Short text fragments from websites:
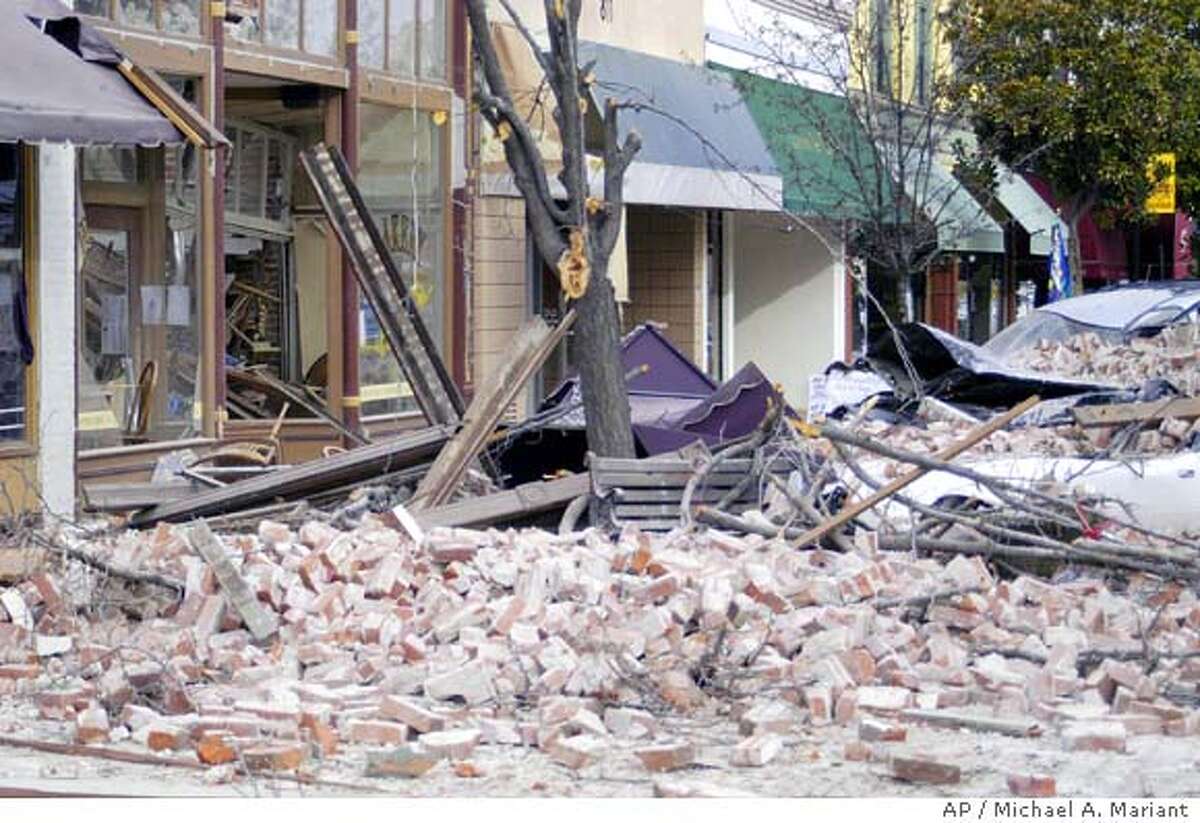 6.5 quake razes landmark, kills two in Paso Robles / 'VERY VIOLENT
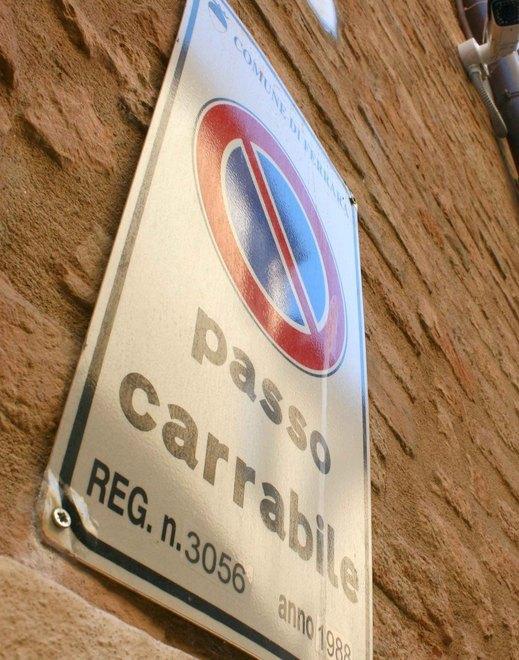Mesola, inviate “cartelle pazze” per i passi carrai. Il sindaco: «Non pagate» 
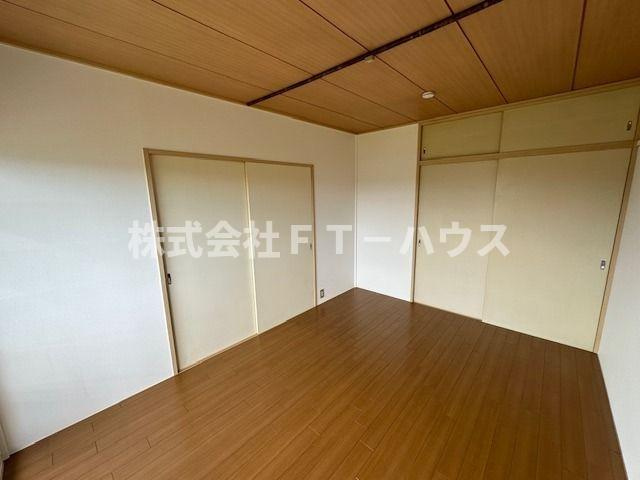 ビレッジサングランデＢ棟の寝室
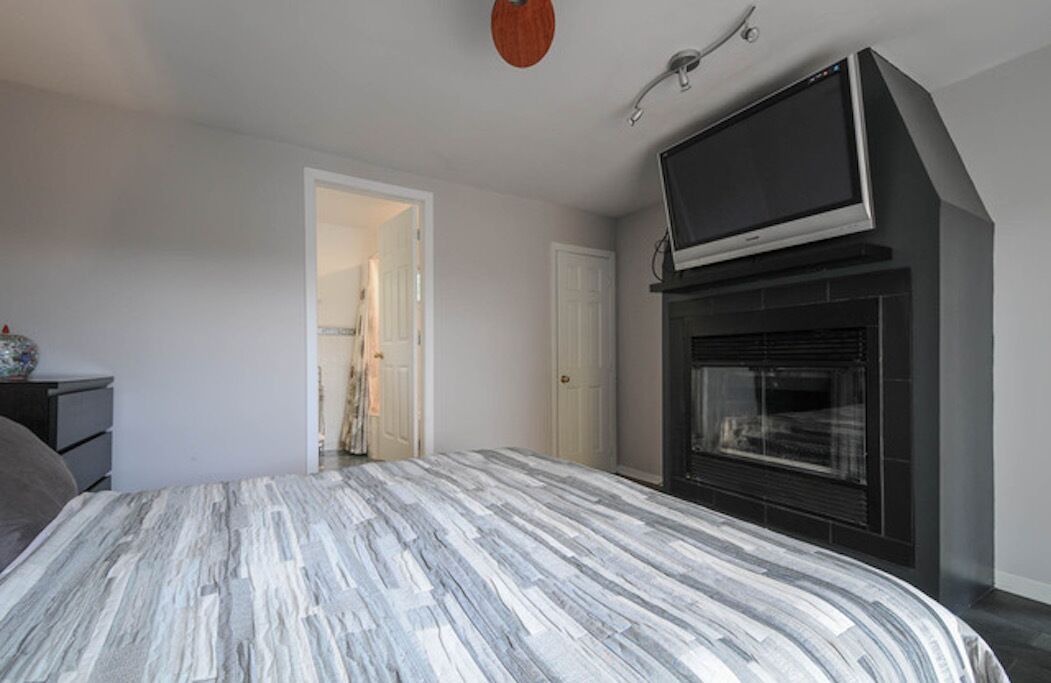 Photo of Bedroom in Prevost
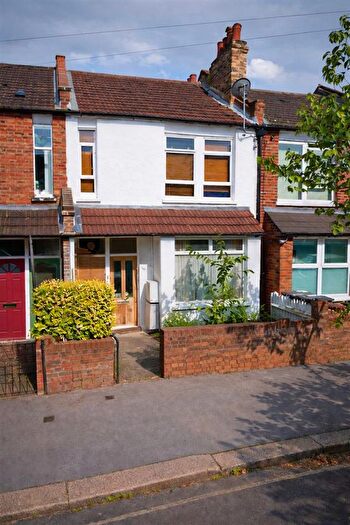 2 Bedroom Flat To Rent In Queen Mary Road, London, SE19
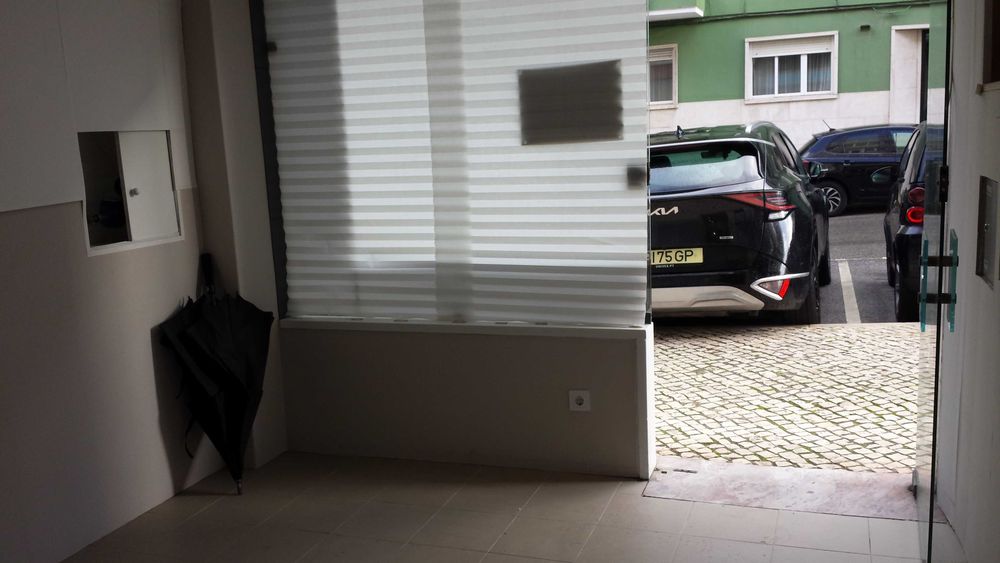 Loja em Benfica - Loja de rua com água e luz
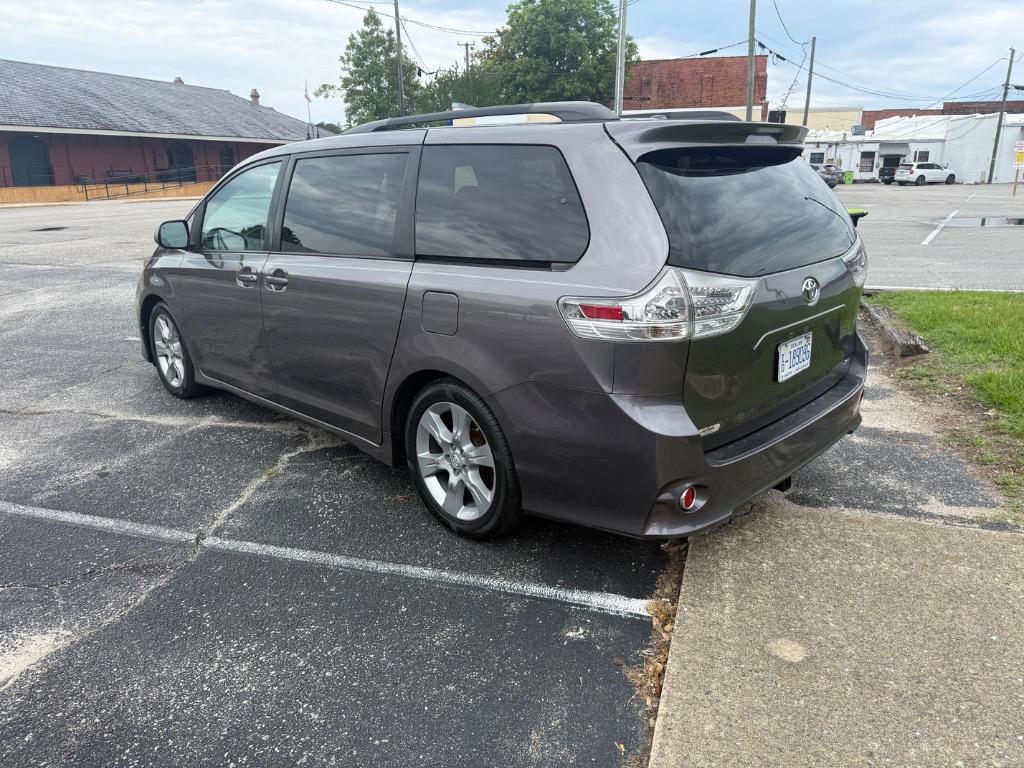 2011 Toyota Sienna SE - Photo 8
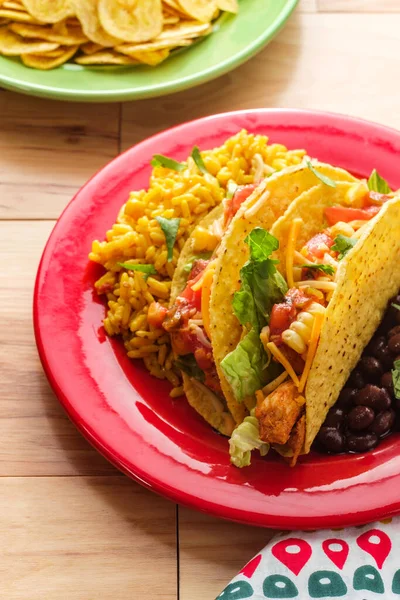 Tacos Pollo Mexicanos Con Arroz Chips Plátano — Foto de Stock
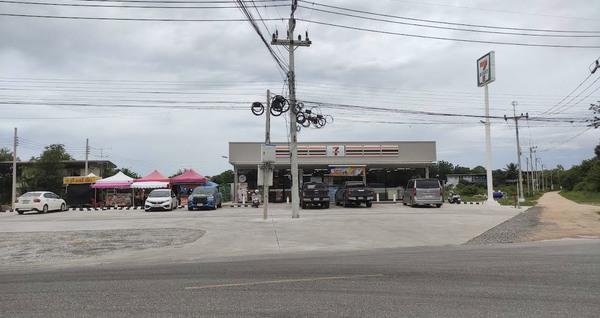 P-9 ขายที่ดินทำเลสวยติดถนน พื้นที่หุบกะพง พื้นที่ 151 ตร.วา ขึ้นไป ราคาเริ่มต้นที่ 14,000 บาท 15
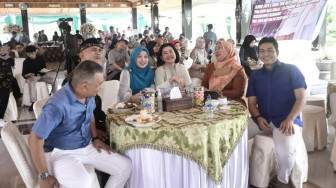 Obati Kerinduan, Bupati Batanghari Bertemu Kawan-kawan Sekolah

WORK TASK: Once the pictures are set aside, write out the entries verbatim.

TASK SOLUTION:
 6.5 quake razes landmark, kills two in Paso Robles / 'VERY VIOLENT
Mesola, inviate “cartelle pazze” per i passi carrai. Il sindaco: «Non pagate» 
 ビレッジサングランデＢ棟の寝室
 Photo of Bedroom in Prevost
 2 Bedroom Flat To Rent In Queen Mary Road, London, SE19
 Loja em Benfica - Loja de rua com água e luz
 2011 Toyota Sienna SE - Photo 8
 Tacos Pollo Mexicanos Con Arroz Chips Plátano — Foto de Stock
 P-9 ขายที่ดินทำเลสวยติดถนน พื้นที่หุบกะพง พื้นที่ 151 ตร.วา ขึ้นไป ราคาเริ่มต้นที่ 14,000 บาท 15
 Obati Kerinduan, Bupati Batanghari Bertemu Kawan-kawan Sekolah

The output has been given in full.